I realize all states do this, but your response does not address my intended point. That's my fault, I will improve my point.

1. My reading of the proposal, and the reason I dislike the proposal: if a state uses federal funds for any community development project, some forcing function will cause them to stop single family zoning. This jeopardizes single family zoning in all states, since it has tied funding to all community development spending rather than specifically to federal funds going to single family zoning. Even if a state stops directing federal funds to single family zoned communities, they are still encouraged to not create single family zoned communities.

2. A proposal I would be more comfortable with: if a state uses federal funds specifically to fund single family funded communities, they must move toward ending single family zoning. States can continue receiving federal funds as long as they don't spend them on single family zoned communities.

[edit follows]

> You know, I find this conversation pretty ironic in the context of this thread. It's clear you haven't researched this issue at all but are willing to announce fairly strong opinions about it based on nothing more than an obvious mischaracterization by the president.

Disagree it is ironic, disagree it is clear I haven't researched it, but I agree I am shameless in announcing my strong opinions. Hopefully my clarification above gives you something clearer to bite into.
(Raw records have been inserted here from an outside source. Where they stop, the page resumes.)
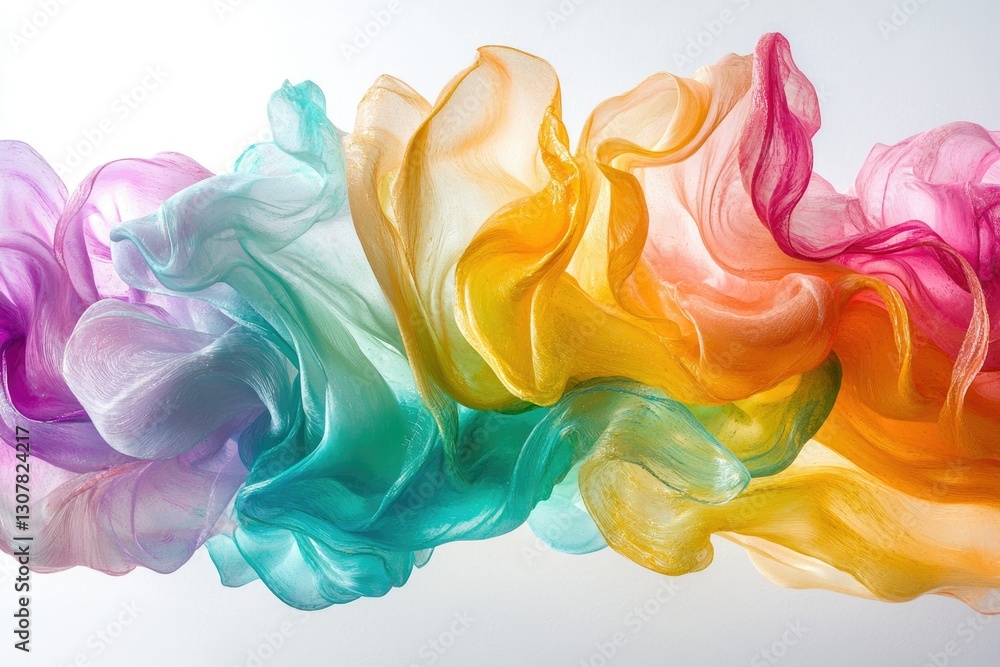 Poster a vibrant swirl of colorful sheer fabrics, creating a dynamic and abstract artwork.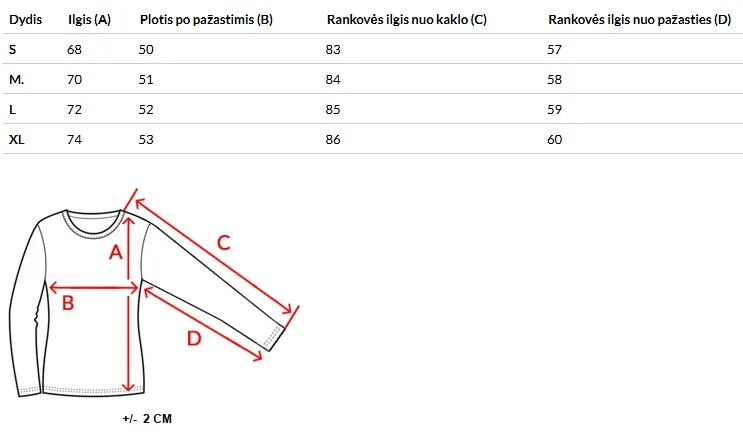 Izmēru tabula (cm)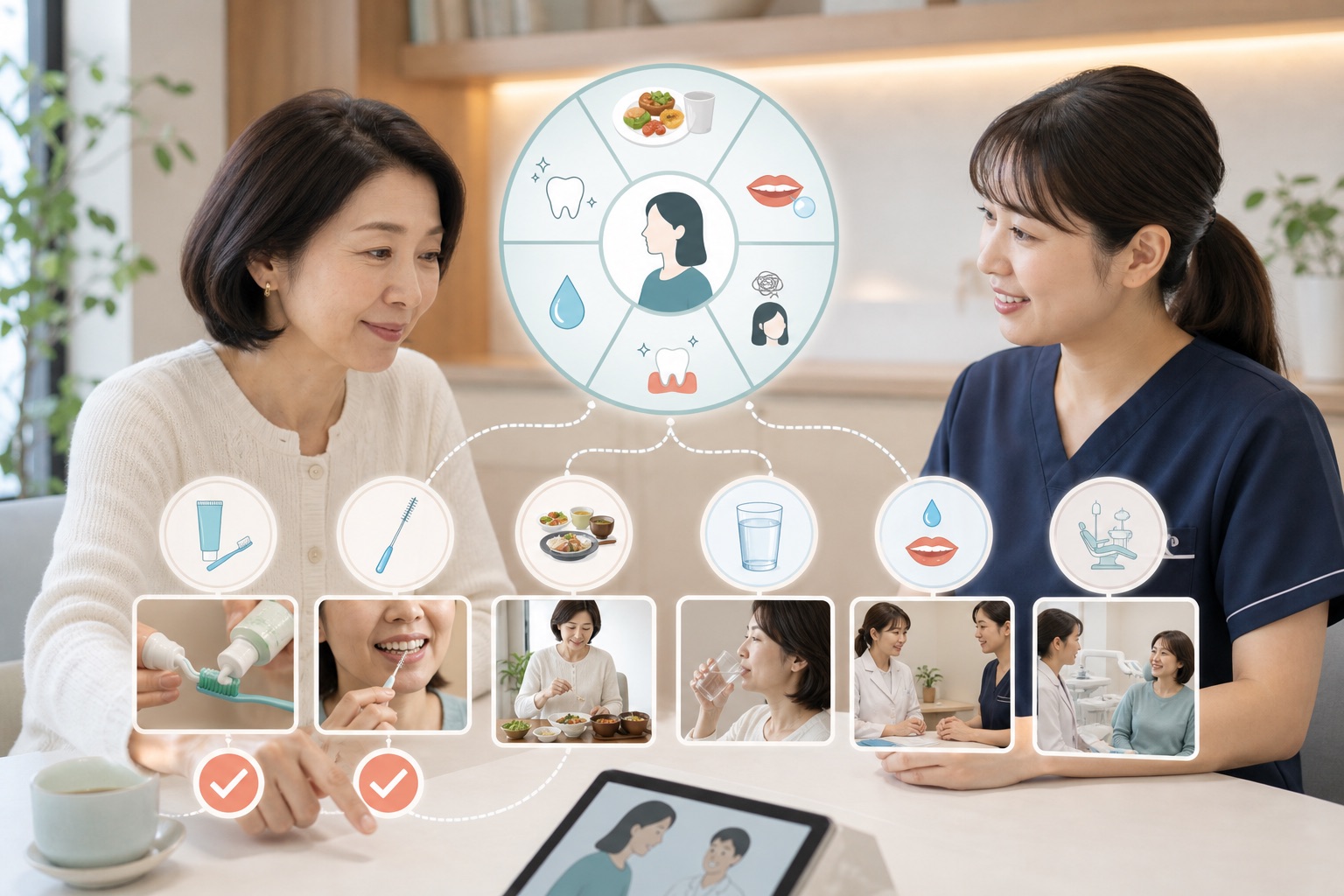 50代女性と歯科衛生士がフッ化物、歯間清掃、食事時間、水分、口の乾き、定期受診から実行しやすい対策を選ぶ場面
> if a state uses federal funds for any community development project, some forcing function will cause them to stop single family zoning.

This is specifically about two types of grants (not all federal funds for community development) and it does not require the elimination of single family zoning.

> federal funds going to single family zoning

What does it mean for funds to "go to" single family zoning? CDB grants are largely allocated to specific cites and counties already and the portion that is given to states is mostly spent on projects in urban areas[1].

> if a state uses federal funds specifically to fund single family funded communities, they must move toward ending single family zoning. States can continue receiving federal funds as long as they don't spend them on single family zoned communities.

The actual proposal is weaker than your proposal since there is no requirement to move towards ending single family zoning.

> Disagree it is ironic, disagree it is clear I haven't researched it

The conversation has moved from "abolish suburbs" to "a proposal to require certain cites to make a plan to implement policies that reduce barriers to housing development". So either you were being disingenuous originally or hadn't researched the topic. It's also the exact sort of emotionally charged rhetoric you were decrying earlier.